Power is directly proportional to the reciprocal of impedance and to the square of voltage, so a small increase in impedance requires a larger increase in voltage to develop the same amount of power across the load. Large power amplifiers are typically good current sources, and can be viewed as current multipliers. But still, the output voltage is what is typically constant, not the current.So if you set two different impedance loads across two amps that are generating the same voltage output, the one with higher impedance will dissipate less power than the one with lower impedance. If you set them so that both are dissipating the same amount of power, then the higher impedance load requires a higher voltage output as described by the formula.
A horn loudspeaker can be described as having an electrical-to-mechanical transformation and a mechanical-to-acoustic transformation. The acoustic load generated by the horn is reflected back through the mechanico-acoustic transformation to modify the diaphragm's reactive and resistive properties. It acts to modify the primary resonant frequency and adds a few more, which is described by its reactance. It also impedes motion of the diaphragm as a damping force. This resistive component is more linear at higher frequencies, but is present to some degree at all frequencies in its passband.
These mechanical transformations are reflected back through the electro-mechanical transformation to modify the electrical impedance curve.

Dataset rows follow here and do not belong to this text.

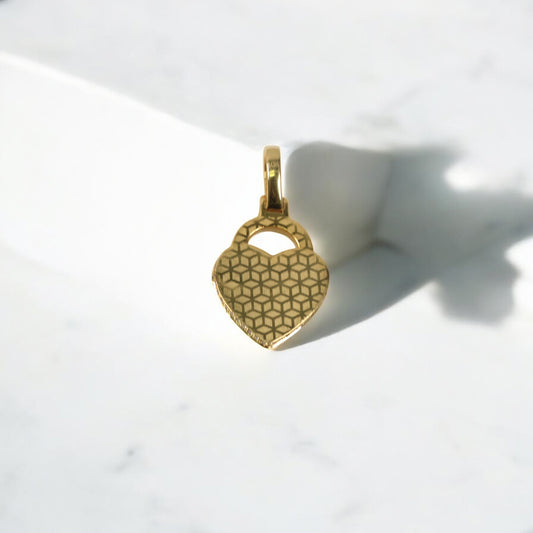 10K YG Diamond Heart Pendant / 2.2gr / 0.8in / 0.4Wt Dia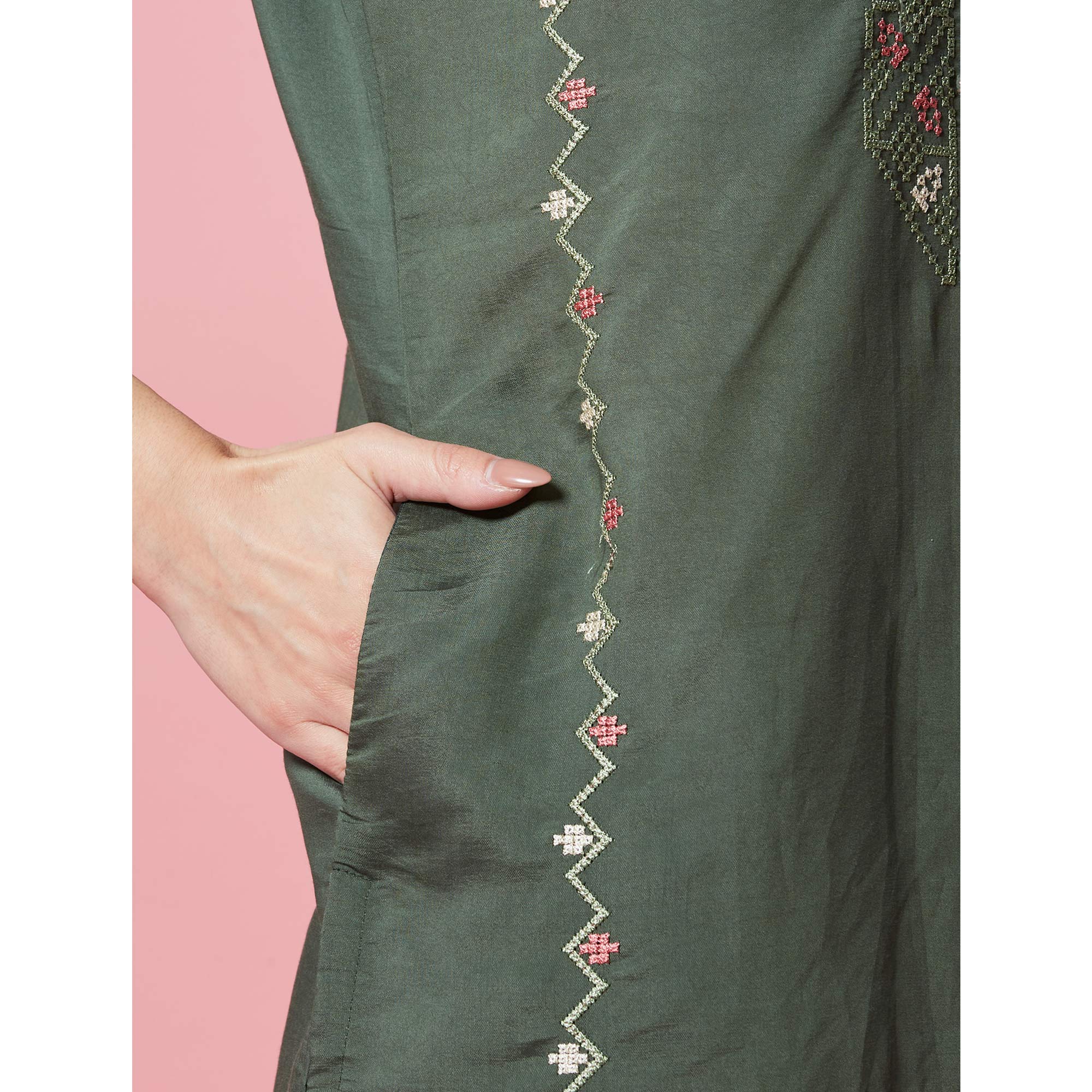 Green Embroidered Chanderi Straight Kurti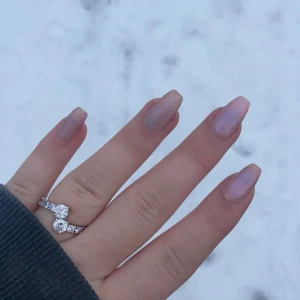 Silverring med stora stenar från Pandora - En skitsnygg silverring från Pandora i sterling silver. Perfekt för dig som gillar bling och vill sticka ut.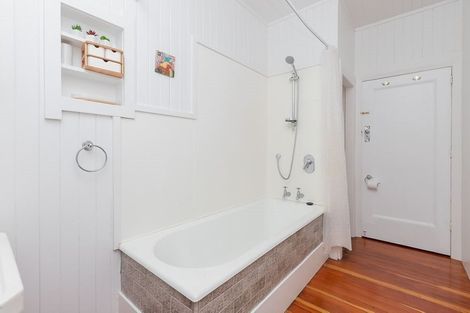 Photo of property in 90a Flynn Road, Hillcrest, Hamilton, 3216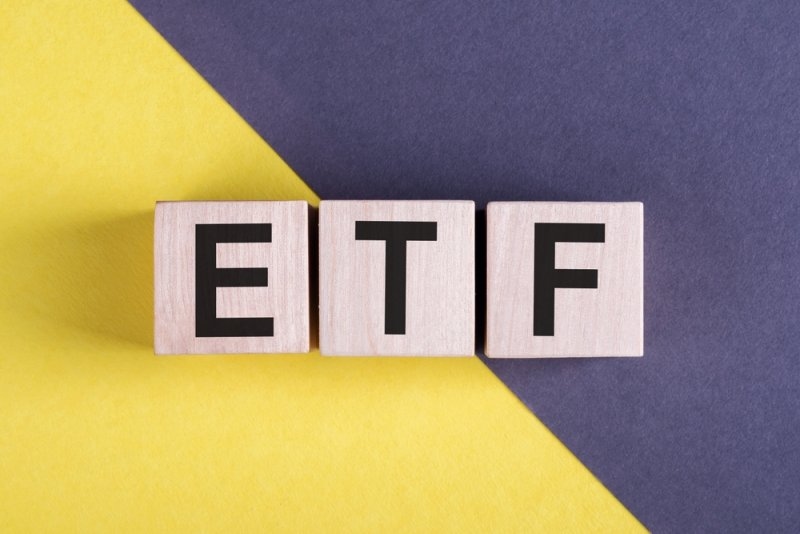 A Beginner's Guide to International ETFs & Their Benefits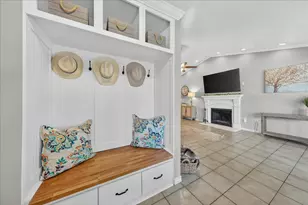 4317 Winchester Ct, Grand Prairie, TX 75052 - Photo 3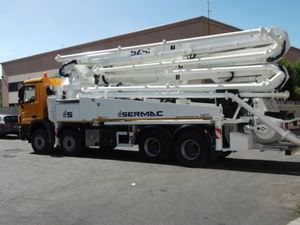 施工卡车安装混凝土泵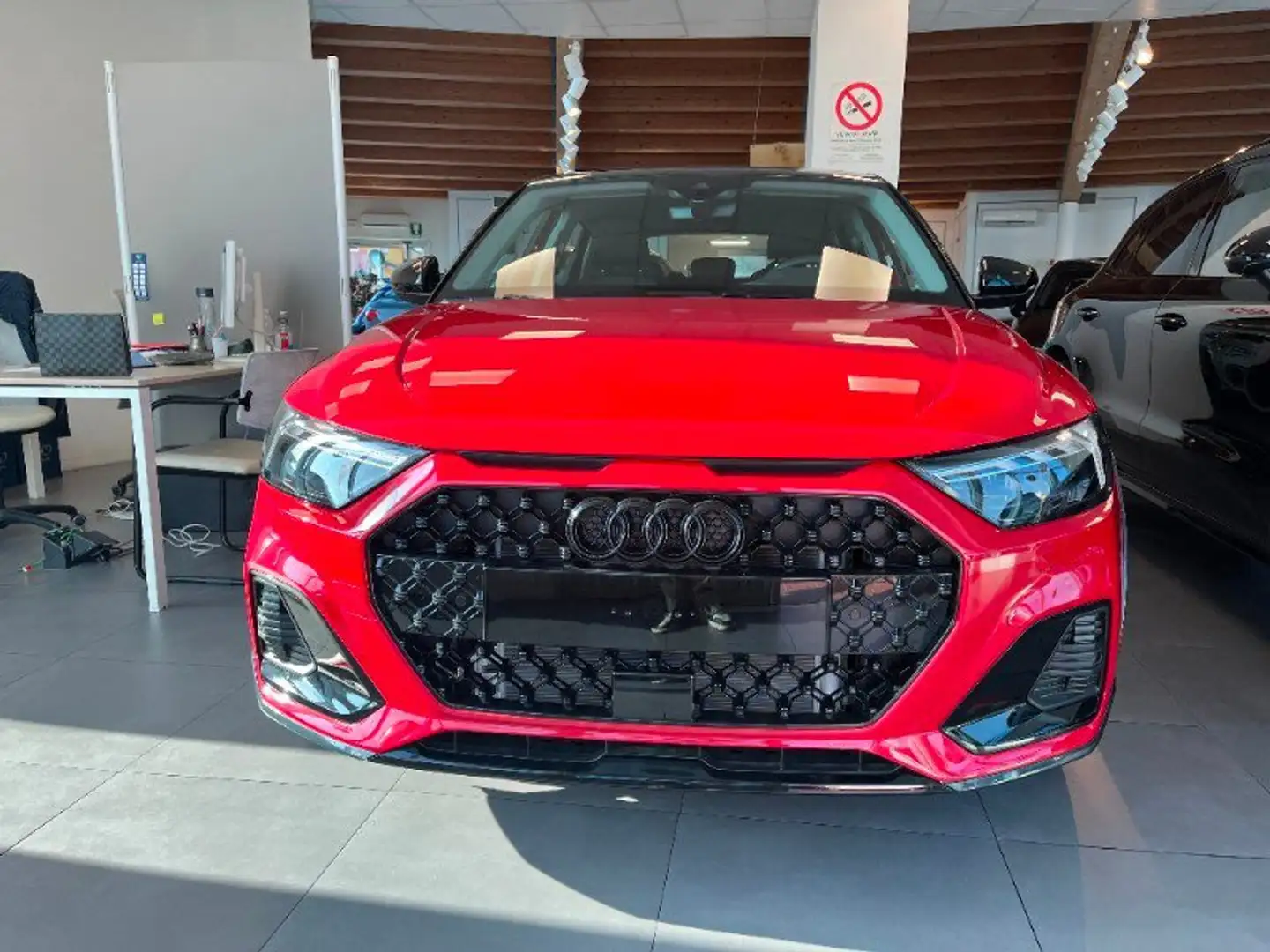 Audi A1 A1 allstreet 30 TFSI S tronic Identity Contrast Zwart - 1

It has both a resistive and reactive component, and the increased resistance is an indication of the horn's increased efficiency. It also means that less electrical power is transferred at a given voltage, even though the horn's efficiency increase may have made the acoustic output greater. So a horn loaded driver can be expected to operate safely at a higher voltage, because its impedance is higher. But that is what we're really talking about here, and not the electrical power transferred to the load.